Turkey’s central bank on Thursday slashed its policy rate by 50 basis points from 9% to 8.5% as the country continues to reel from the aftermath of a devastating quake which affected millions of lives.
The move, which marks a resumption of a series of interest rate cuts in 2022 in spite of high inflation, was in line with Reuters’ expectations and is the lowest one-week repo rate in more than two years, according to Refinitiv data.
“It has become even more important to keep financial conditions supportive to preserve the growth momentum in industrial production and the positive trend in employment after the earthquake,” the central bank said in a press release, adding that the impact of the earthquake is still being extensively evaluated.

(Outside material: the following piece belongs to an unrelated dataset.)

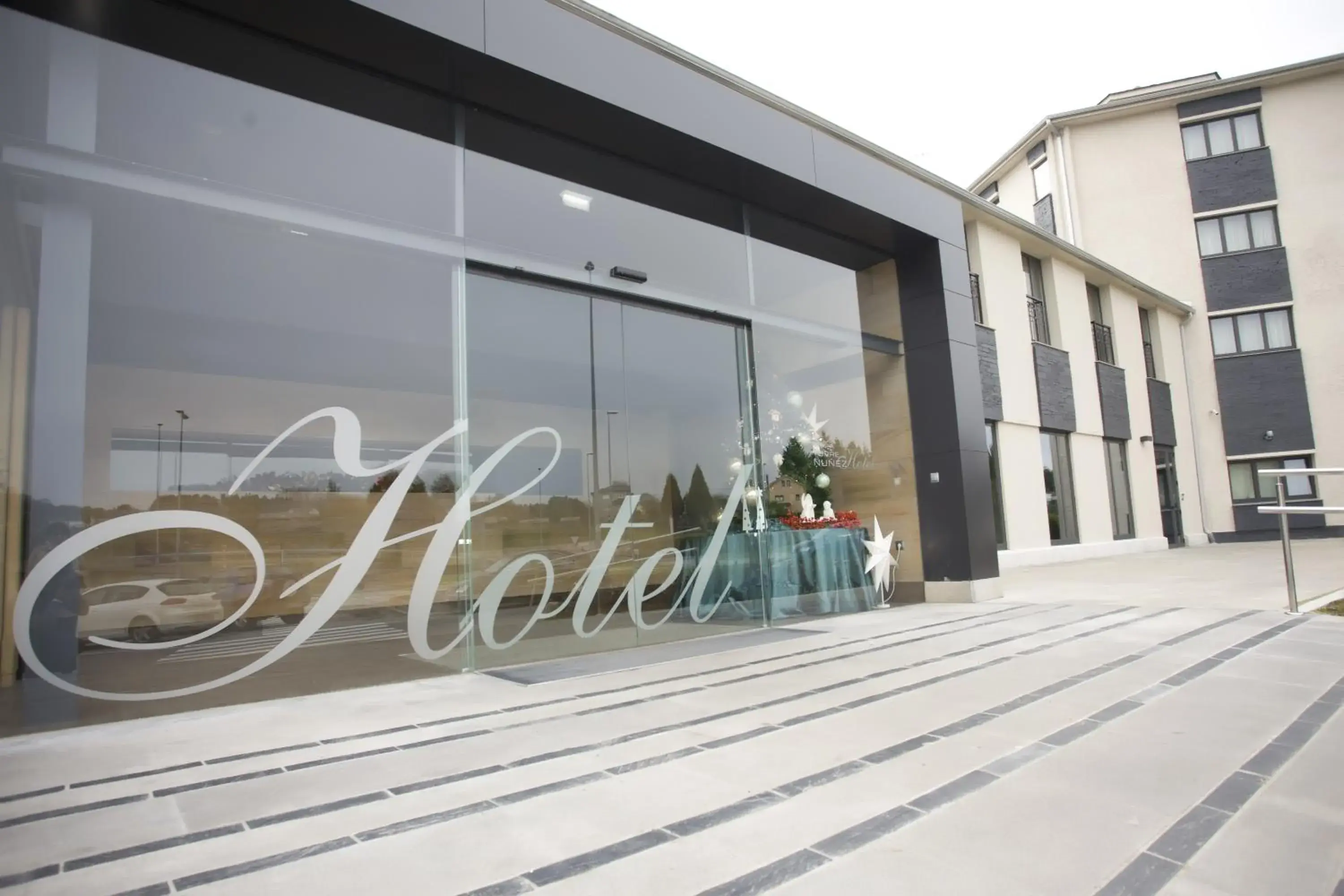 Facade/entrance in Hotel Torre de Núñez Facade/entrance in Hotel Torre de Núñez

Two consecutive quakes rocked Turkey and Syria earlier this month, and were the region’s strongest in nearly a century with a death toll of more than 46,000 lives thus far.

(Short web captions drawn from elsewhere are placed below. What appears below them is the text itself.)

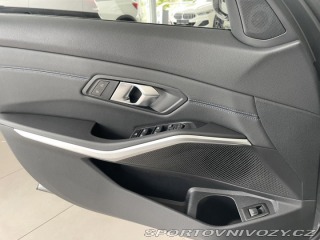 BMW 3 330i xDrive*M-SPORT*Distr 2025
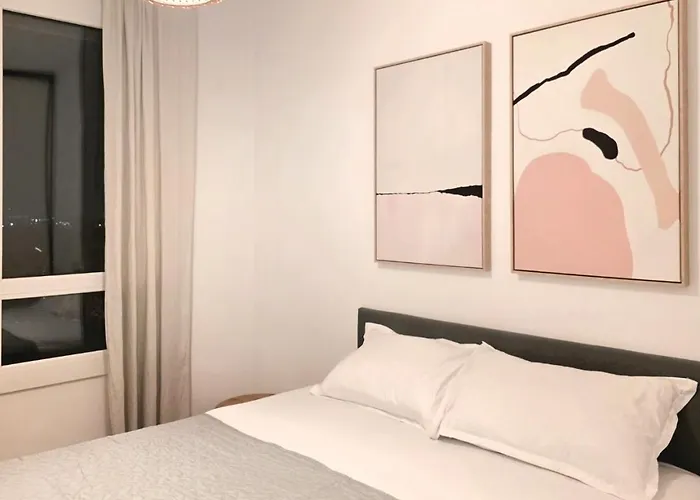 Elegant Afi With Panoramic View - Metro Laminorului شقة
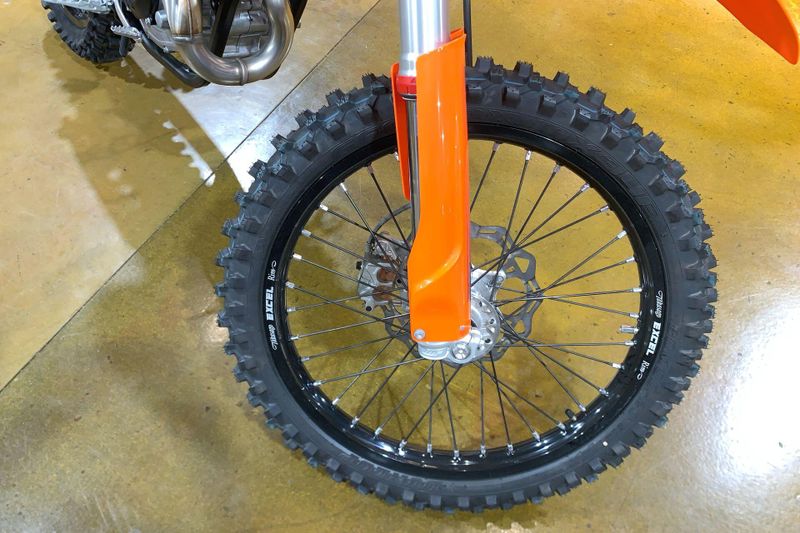 New 2025 KTM 450 SX-F Image 17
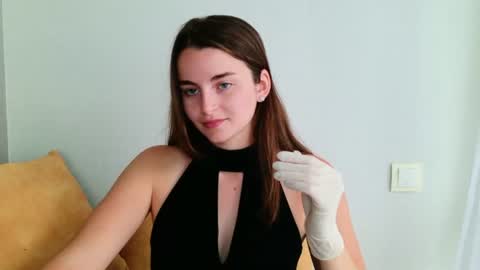 lana_gl online show from July 7, 10:30 am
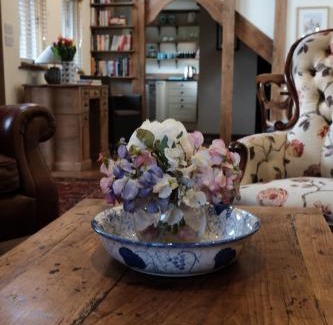 Dorking House | Child-Friendly Retreat at Stable Cottage with 9.4 Rating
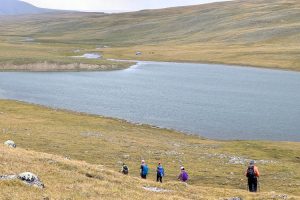 Walking down from the Kharkhiraa Pass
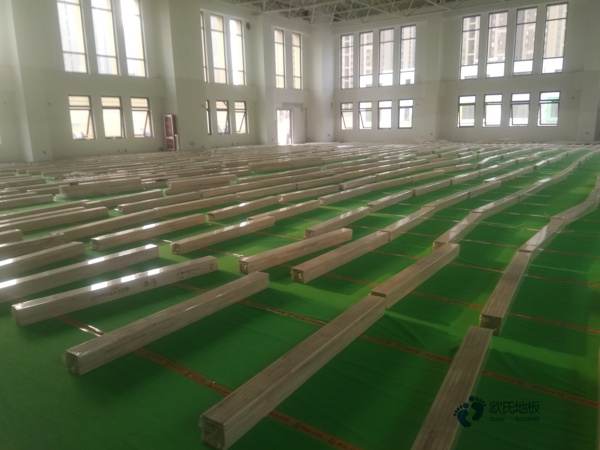 双层龙骨运动体育地板怎样保养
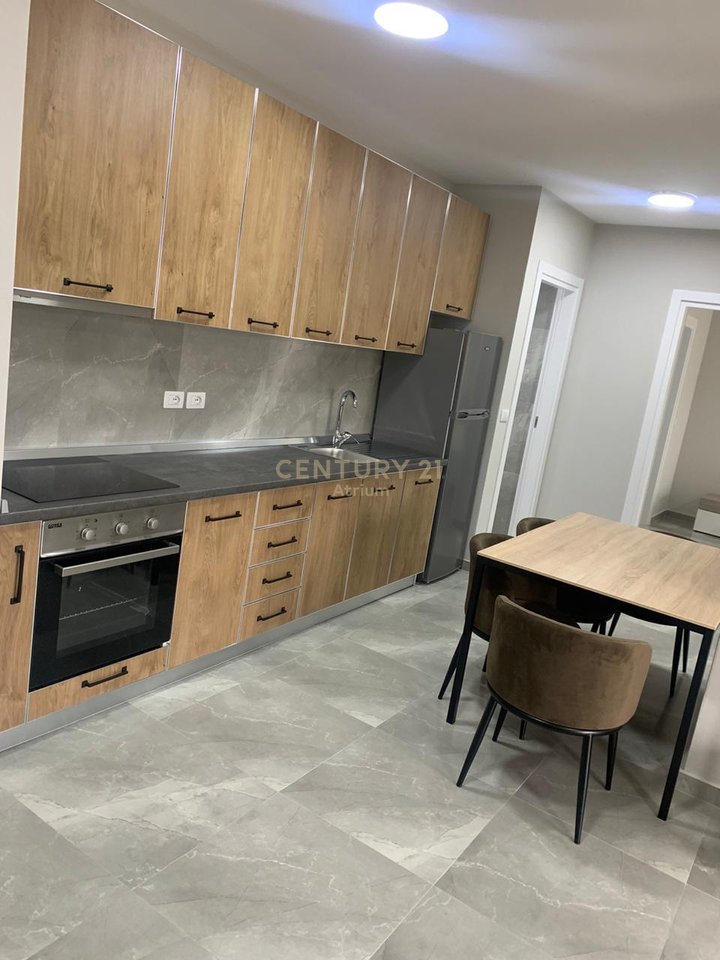 JEPET APARTAMENT 2+1 + POST PARKIMI ME QIRA TEK FIORI DI BOSCO !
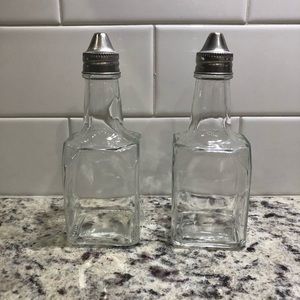 Glass oil and vinegar holders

“While the earthquake is expected to affect economic activity in the near term, it is anticipated that it will not have a permanent impact on performance of the Turkish economy in the medium term,” the statement said.
The country’s most recent annual inflation rate in January stood at 57.68%.
With reconstruction costs estimated to rack up to billions of dollars, the disaster has further embroiled Turkey in its downward economic spiral.
Turkey’s monetary policy is premised on a pursuit of growth and export competition rather than soothing inflation. Turkish President Recep Tayyip Erdogan espouses the unorthodox view that raising interest rates increases inflation, rather than taming it.
The policy dramatically weakened Turkey’s currency last year and pushed the country’s inflation rates to record highs.
The Turkish lira held steady at 18.87 against the greenback following the central bank decision.